Intel builds many of the hardware and software components that will, in time, support Exascale systems, but does not build the systems themselves. SGI has announced that it will partner with Intel to build an Exascale system based on the Intel MIC chips by 2018. The main problems that SGI is working on are density, power consumption, resiliency and the communication overhead incurred when millions of threads need to talk to each other. Intel drives Moore’s law to increase the compute density, but SGI does not anticipate that this will deliver all of the improvements required by 2018, and is also working to increase the packaging density of its systems. Progress in-line with Moore’s law would deliver increased density by a factor of 25 between now and 2018, while the performance improvement required is more than a factor of 100. SGI plans to use Intel’s MIC processors to deliver the increased performance and density within a reasonable power budget, in addition to designing very compact blades that can accommodate multiple MIC processors.
There are many challenges to building an Exascale system, and programming them is also an extreme challenge. SGI has worked with many high-end customers to port their applications to GPU-accelerated architectures. While the performance improvements have often been spectacular, the effort this takes can be significant, and the skills required are scarce. SGI favors the MIC architecture, since – at least to some extent – x86 codes can be migrated to MIC without a major reworking. Intel’s compilers provide a new pragma that automatically targets OpenMP loops at MIC devices – ‘#pragma offload target (mic).’
At ISC, Intel made an Exascale commitment that it would deliver 100 times the performance of today’s high-end systems in only double the power budget, and that today’s software model would be scaled to support Exascale systems. Intel has a strong team working on compilers and software development tools, augmented by a number of acquisitions in this space (such as Cilk Arts and RapidMind). On the one hand, it is extending the capabilities of existing tools and providing a similar level of support for MIC that is available for mainstream multiprocessor, multicore systems. This is a good thing, and makes the new architecture easily accessible to programmers. At the same time, Intel is also working on advanced tools and techniques that will support scalability toward Exascale. These approaches include the Parallel Building Blocks of Cilk Plus, Threading Building Blocks and Array Building Blocks.
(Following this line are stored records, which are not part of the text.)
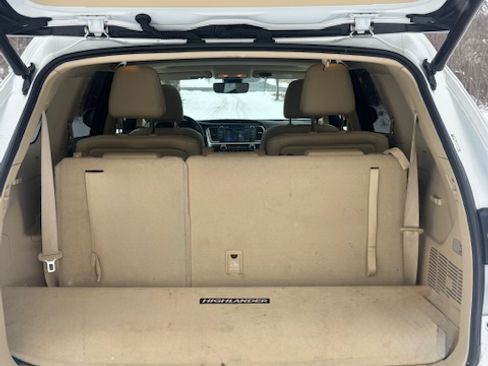 Used 2019 Toyota Highlander XLE image 11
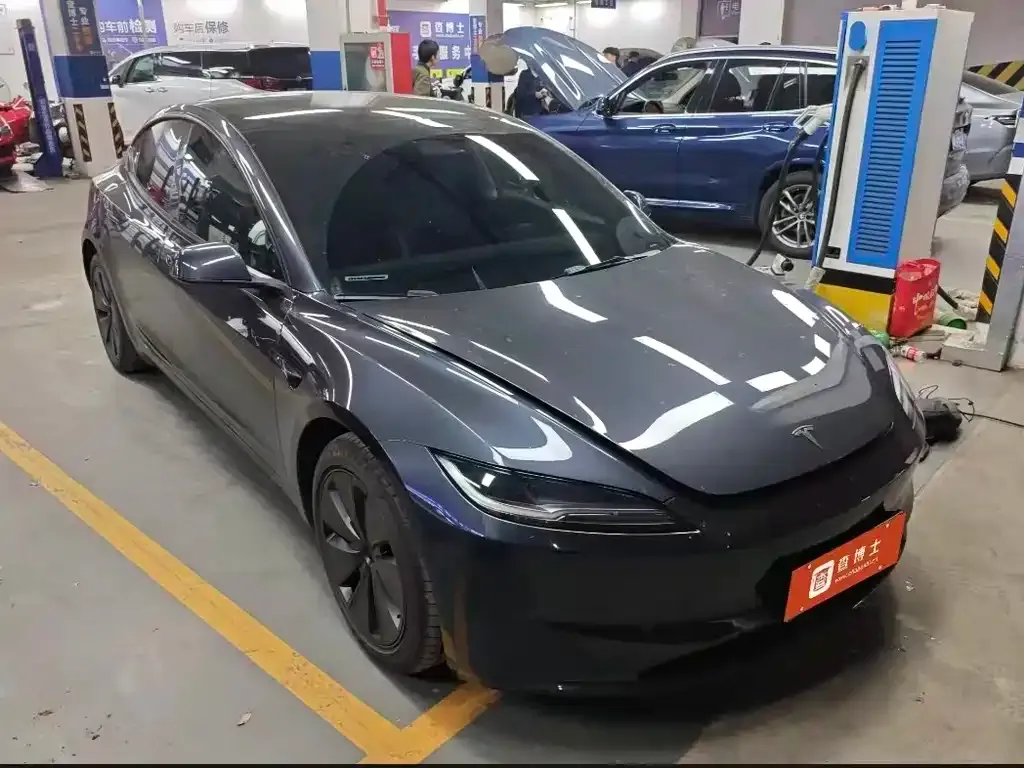 Tesla Model 3 — фото 1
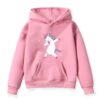 pull-licorne-enfant-dab-3a.jpg Une illustration d'une licorne rose qui fait le dab. La licorne a une crinière et une queue arc-en-ciel. Elle porte un sweat à capuche rose avec des étoiles.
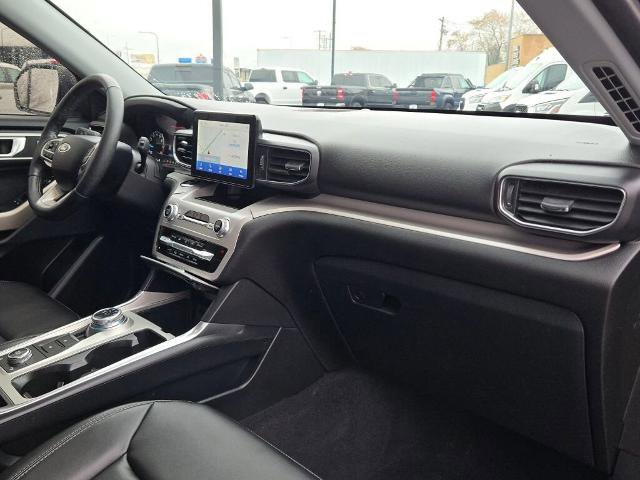Certified 2023 Ford Explorer XLT w/ Equipment Group 202A image 7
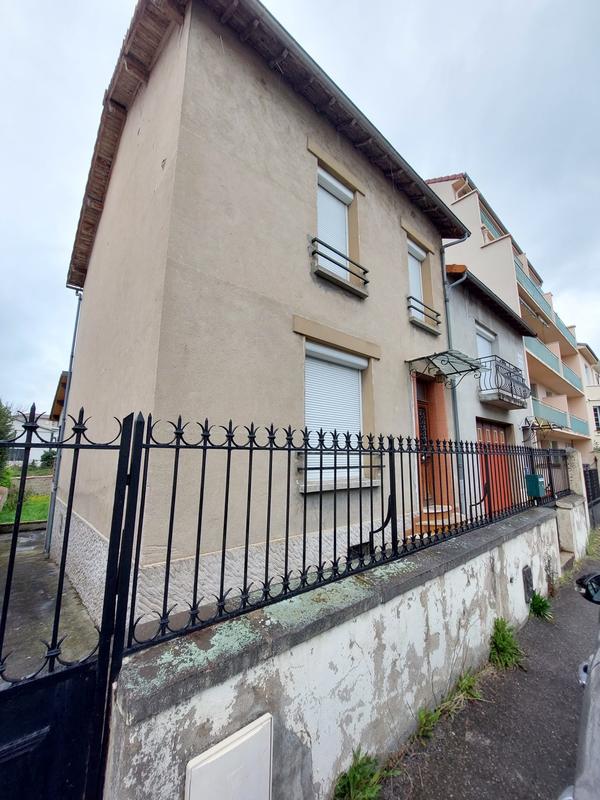 Maison - 221 m² - 8 pièces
Some of the messaging about the programming model for Intel’s Many Integrated Core (MIC) is misleading. While it is true to say that MIC is a multicore x86 implementation, we believe that the programming model for Exascale systems must change – in response to scalability and resiliency requirements. The programming approach and tools used on today’s multicore x86 HPC systems can be applied to MIC-based systems, but going to Exascale is a whole new ballgame. We don’t believe that many of the algorithms used today will operate efficiently at Exascale, and resilience for such a large system must be handled at the application level, not at the system level (although that is a debate that is ongoing). Targeting an OpenMP code at Intel’s MIC or at an NVIDIA GPU using CUDA C/Fortran or PGI’s Accelerator Model requires code changes, and there will be very few codes of significant size that achieve a fantastic speed-up simply by adding the MIC pragma.
Talking about the Tri-Gate 3-D transistor, Intel claimed ‘infinite scalability,’ comparing 2-D transistors to a single-story building and Tri-Gate to a skyscraper. We believe that this overplays the benefits of Tri-Gate technology, which does a great job of increasing performance while decreasing power consumption – but it doesn’t deliver infinite scalability or stacked transistors.